Roberto Sosa, nació en Yoro, Honduras, el 18 de abril de 1930 fue uno de los más prestigiosos poetas en su país.

Hizo estudios de Maestría en Artes en la Universidad de Cincinnati (Ohio), fue director de revistas literarias y galerías de arte, catedrático de literatura y escritor residente en el Upper Montclair College en Nueva Jersey; colaboró con los principales diarios y revistas de Honduras y demás países centroamericanos. Su obra poética ha sido favorablemente comentada en España, Cuba, Colombia y México.

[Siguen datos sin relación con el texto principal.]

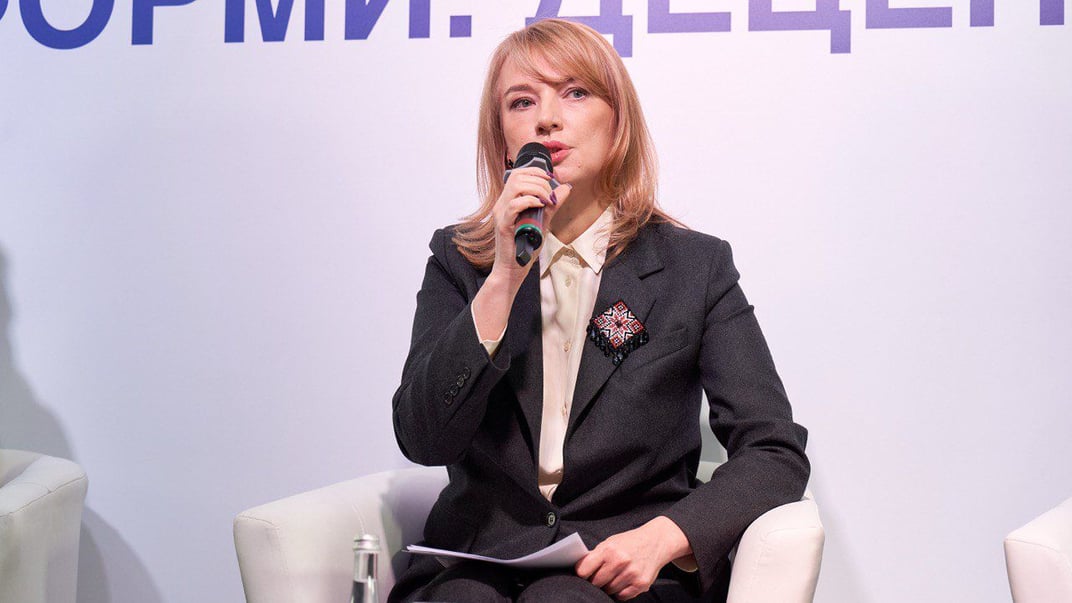 Голова партії «Слуга Народу» Олена Шуляк Голова партії «Слуга Народу» Олена Шуляк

En 1968 recibió el Premio Adonáis de Poesía (España), por su libro Los pobres (Editorial Rialp), convirtiéndose, de esta manera, en el primer latinoamericano en obtener ese galardón. En 1971 su libro Un mundo para todos dividido, se hizo acreedor al Premio Casa de las Américas, con un jurado integrado por notables autores, como Gonzalo Rojas y Eliseo Diego. En 1990 el gobierno de Francia le otorgó el grado de Caballero en la Orden de las Artes y las Letras.

Escribió alguna vez…

“Los pobres son muchos por eso es imposible olvidarlos…Pueden llevar en hombros el féretro de una estrella/ pueden destruir el aire como aves furiosas/ nublar el sol/ pero desconociendo sus tesoros/ entran y salen por espejos de sangre/ caminan y mueren despacio/ por eso es imposible olvidarlos”.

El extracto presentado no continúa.